# MATERIAL PROVIDED
☆ ☆ ☆ ☆ ☆
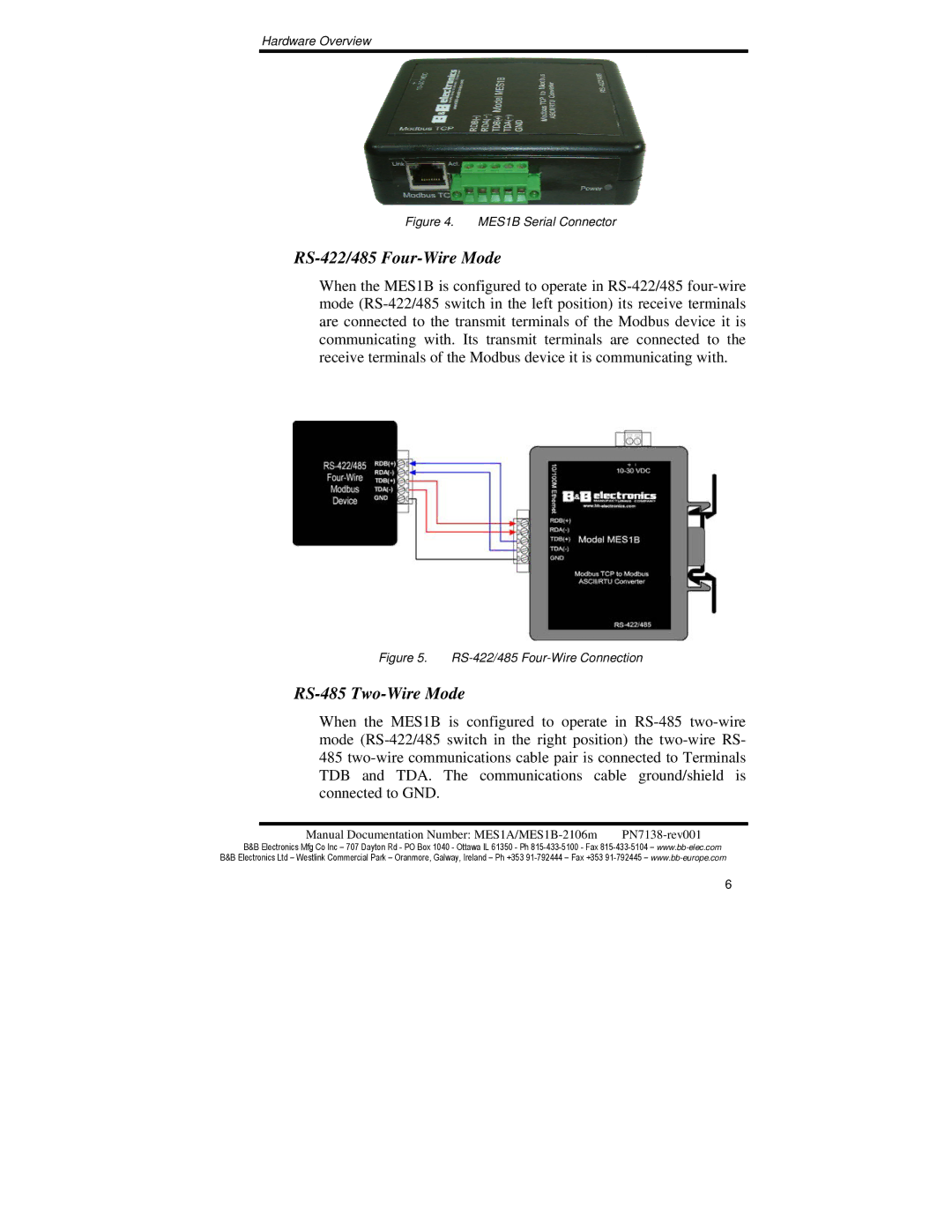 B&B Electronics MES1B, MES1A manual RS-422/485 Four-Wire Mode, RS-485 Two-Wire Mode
☆ ☆ ☆ ☆ ☆
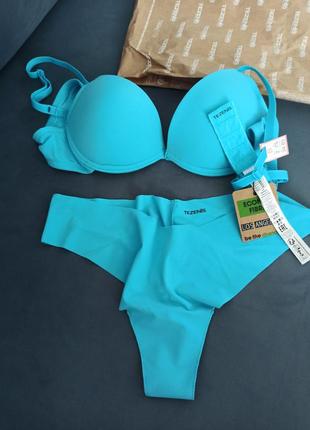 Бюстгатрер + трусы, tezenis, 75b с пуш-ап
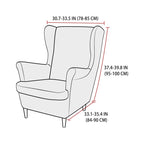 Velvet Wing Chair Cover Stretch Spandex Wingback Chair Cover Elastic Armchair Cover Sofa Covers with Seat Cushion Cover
☆ ☆ ☆ ☆ ☆
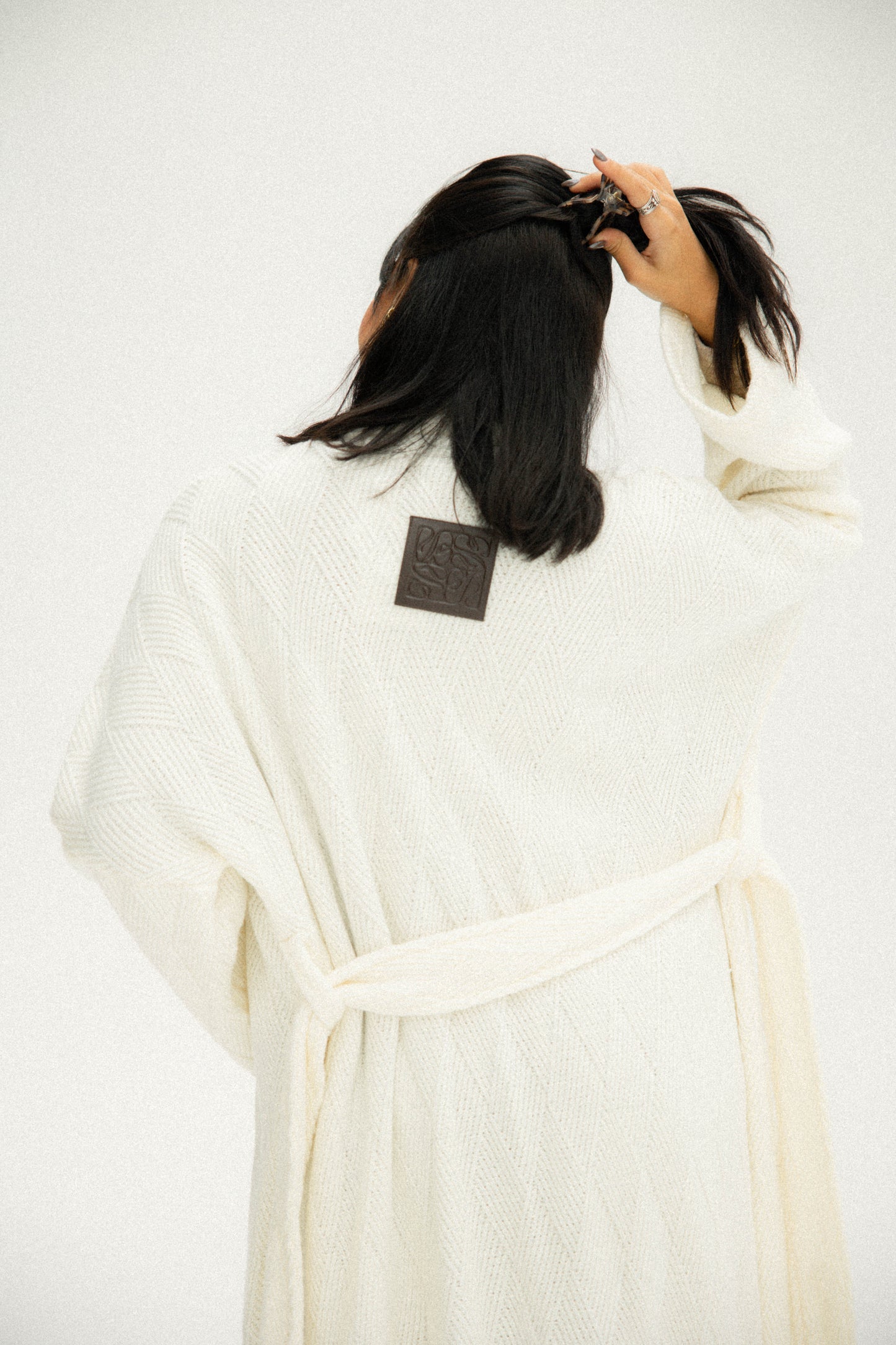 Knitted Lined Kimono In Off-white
☆ ☆ ☆ ☆ ☆
# TASK TO COMPLETE
Copy only the lines above from the one containing "Бюстгатрер + трусы, tezenis, 75b с пуш-ап" through the one containing "Velvet Wing Chair", both included. Leave out the pictures.

# SOLUTION FOR THIS PROBLEM
 Бюстгатрер + трусы, tezenis, 75b с пуш-ап
 Velvet Wing Chair Cover Stretch Spandex Wingback Chair Cover Elastic Armchair Cover Sofa Covers with Seat Cushion Cover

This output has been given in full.